▼

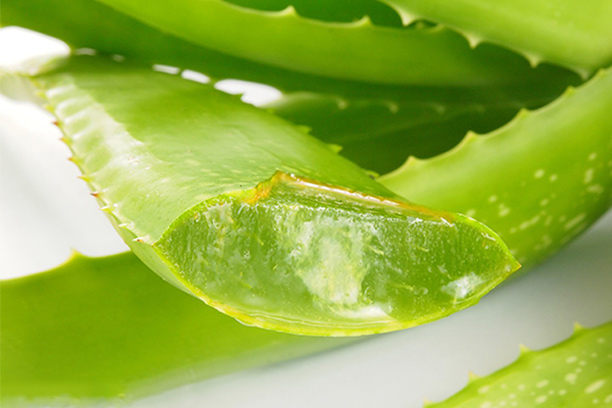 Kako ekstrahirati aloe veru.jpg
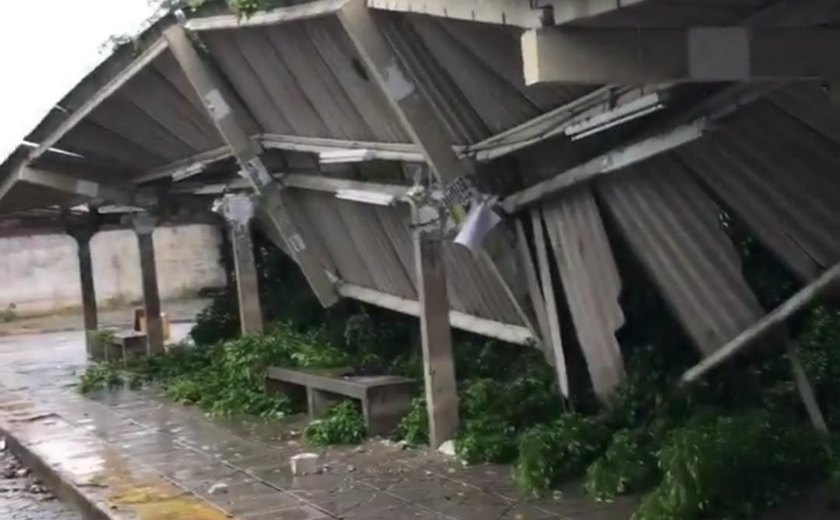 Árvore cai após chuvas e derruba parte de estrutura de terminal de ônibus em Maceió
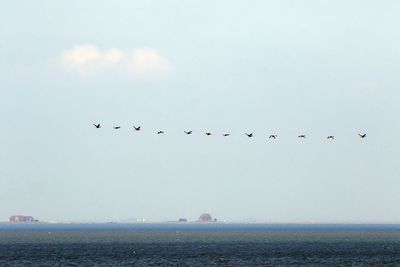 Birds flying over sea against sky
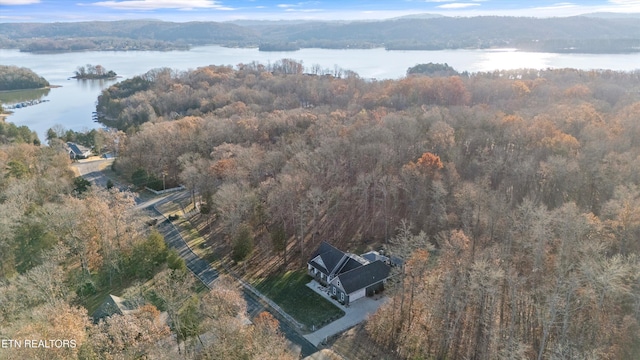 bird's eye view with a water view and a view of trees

▲

_ACTIVITY_
Every line of the material is to be quoted exactly, with no pictures carried over.

_ANSWER SPACE_
 Kako ekstrahirati aloe veru.jpg
 Árvore cai após chuvas e derruba parte de estrutura de terminal de ônibus em Maceió
 Birds flying over sea against sky
 bird's eye view with a water view and a view of trees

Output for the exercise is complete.